Reliance Big Pictures & BBC ink three film co-production deal

MUMBAI: BBC Earth, the global natural history brand for BBC Worldwide, and Anil Ambani’s Reliance Big Entertainment have inked a co-production deal for three movies. All three films will be distributed by Reliance’s international film sales and financing subsidiary, IM Global.

The deal was jointly announced by BBC Worldwide managing director of global brands Marcus Arthur and IM Global founder and CEO Stuart Ford.

The first theatrical feature to be co-produced under the relationship will be the $65 million 3D live action feature Walking With Dinosaurs 3D inspired by the BBC’s landmark Walking With Dinosaurs brand. The film will be co-directed by Pierre De Lespinois of Los Angeles and Alaska based 3D studio Evergreen Films and BBC Earth’s Neil Nightingale (formerly the Head of the BBC Natural History Unit). BBC Earth and Evergreen Films will be working with Academy Award winning animation house Animal Logic and animation producer Jinko Gotoh on the film.

The second co-production between the parties will be the $25 million documentary feature Africa 3D, which will be filmed alongside Africa, BBC’s forthcoming major landmark television series. Africa 3D will also be in partnership with Evergreen Films.

Global distribution for both films will be handled by IM Global, which will begin international sales on Walking With Dinosaurs 3D at the forthcoming American Film Market in Santa Monica. At AFM, IM Global will also launch worldwide sales of BBC Earth’s documentary feature Life, which is in post-production and will be released theatrically during 2011.

Life is an imaginative and vividly captured series of stories from the animal kingdom that follows the full cycle of animal life to the birth of the next generation. Co-Directed by Mike Gunton and Martha Holmes and produced by Magic Light Pictures’ Martin Pope and Michael Rose. The film is inspired by the award winning TV series of the same name, which has been broadcast in 50 countries and in the US garnered more than 75 million viewers. BBC Earth’s previous feature film Earth grossed $119 million worldwide when it was released theatrically in 2007.

Walking With Dinosaurs 3D will use groundbreaking LIDAR (Light, Detection and Ranging) technology to combine live action and animation in new ways, as well as groundbreaking 3D camera and pre-vis systems to create never before seen levels of invisibility between the live action and CGI worlds.

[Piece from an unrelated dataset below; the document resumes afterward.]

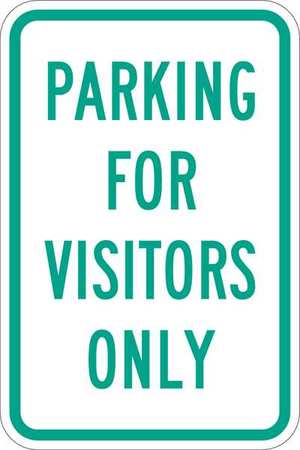LYLE Visitor Parking Sign, 18" x 12, T1-1038-HI_12x18 T1-1038-HI_12x18
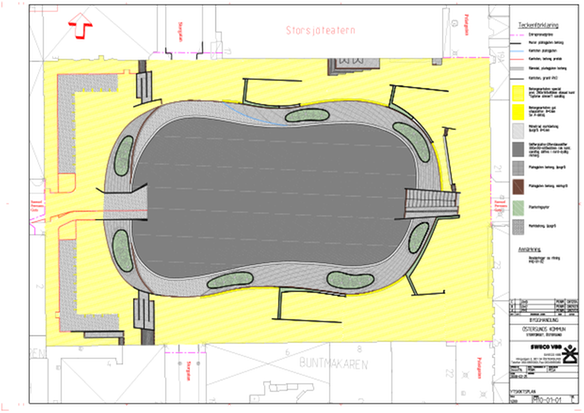 Ytskiktsplan över Stortorget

Arthur said, "By partnering with Reliance BIG Entertainment we have the opportunity to realise a long held ambition of making BBC Earth 3D feature films. ‘Earth’ demonstrated the huge appetite of audiences for quality natural history filmmaking and the 3D experience of ‘Walking with Dinosaurs’ and ‘Africa’ will allow audiences to immerse themselves in our incredible content as never before."